Unit 10 • Lesson 8

Writing Documentation and Comments

Overview

Every professional project includes clear documentation. You'll write descriptive comments and a README file explaining how to install, run, and understand your project, making it accessible to others and demonstrating professional practices.

Beginner 20–25 min

What You Will Learn in This Lesson

By the end of this lesson, you will know:

  • Comments: Explaining code with inline comments.
  • Docstrings: Documenting functions and modules.
  • README files: Writing project documentation.
  • Best practices: When and how to document code.
  • Professional documentation: Making code accessible to others.

Why Documentation Matters

Good documentation helps:

You Remember

You'll understand your own code later

Others Understand

Other people can use and modify your code

Show Professionalism

Demonstrates good programming practices

Save Time

Less time explaining how code works

Writing Comments

Comments explain why code does something, not what it does:

Good Comments
# Calculate discount (10% off for students)
discount = price * 0.10

# Validate input before processing
if not user_input.strip():
    raise ValueError("Input cannot be empty")

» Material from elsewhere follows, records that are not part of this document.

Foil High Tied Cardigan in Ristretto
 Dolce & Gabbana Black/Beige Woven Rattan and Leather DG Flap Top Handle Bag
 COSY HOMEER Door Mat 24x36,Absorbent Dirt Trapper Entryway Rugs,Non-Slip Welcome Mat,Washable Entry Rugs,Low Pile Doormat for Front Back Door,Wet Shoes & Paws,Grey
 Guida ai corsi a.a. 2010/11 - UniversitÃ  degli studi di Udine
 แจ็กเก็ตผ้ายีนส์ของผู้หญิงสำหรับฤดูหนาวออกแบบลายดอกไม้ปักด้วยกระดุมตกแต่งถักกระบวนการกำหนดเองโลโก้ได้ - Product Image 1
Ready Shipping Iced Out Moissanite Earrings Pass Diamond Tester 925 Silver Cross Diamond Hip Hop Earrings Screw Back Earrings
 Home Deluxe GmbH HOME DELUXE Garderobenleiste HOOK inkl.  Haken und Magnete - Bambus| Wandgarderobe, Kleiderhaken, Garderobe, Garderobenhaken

# Sort tasks by priority (highest first)
tasks.sort(key=lambda t: t['priority'], reverse=True)

Comment Best Practices

Write comments for complex logic, non-obvious decisions, and important details. Don't comment obvious code—good code is self-documenting!

Writing Docstrings

Docstrings document functions and modules:

Docstring Examples
def add_task(tasks, task_name):
    """
    Add a new task to the task list.
    
    Args:
        tasks (list): List of task dictionaries
        task_name (str): Name of the task to add
    
    Returns:
        list: Updated list of tasks
    
    Example:
        >>> tasks = []
        >>> tasks = add_task(tasks, "Buy groceries")
        >>> len(tasks)
        1
    """
    tasks.append({"name": task_name, "completed": False})
    return tasks

Writing README Files

A README explains your project:

README Structure
# Task Manager

A simple command-line task manager for organizing daily tasks.

## Features
- Add new tasks
- View all tasks
- Mark tasks as complete
- Save tasks to file

## Installation
No installation required. Just run:
```
python main.py
```

## Usage
1. Run the program
2. Choose an option from the menu
3. Follow the prompts

## Requirements
- Python 3.7 or higher

Summary

In this lesson, you learned:

  • Comments: Explain why code does something
  • Docstrings: Document functions and modules
  • README: Explain project to users
  • Best practices: Document complex logic, not obvious code

Remember

Good documentation makes your project professional and accessible. Take time to write clear comments and documentation—future you (and others) will thank you!

End-of-Lesson Exercises

Think about these questions to reinforce what you've learned:

Exercise 1: Documentation

Why is documentation important? What's the difference between comments and docstrings?

Exercise 2: README

What should a README file include? Why is it important for projects?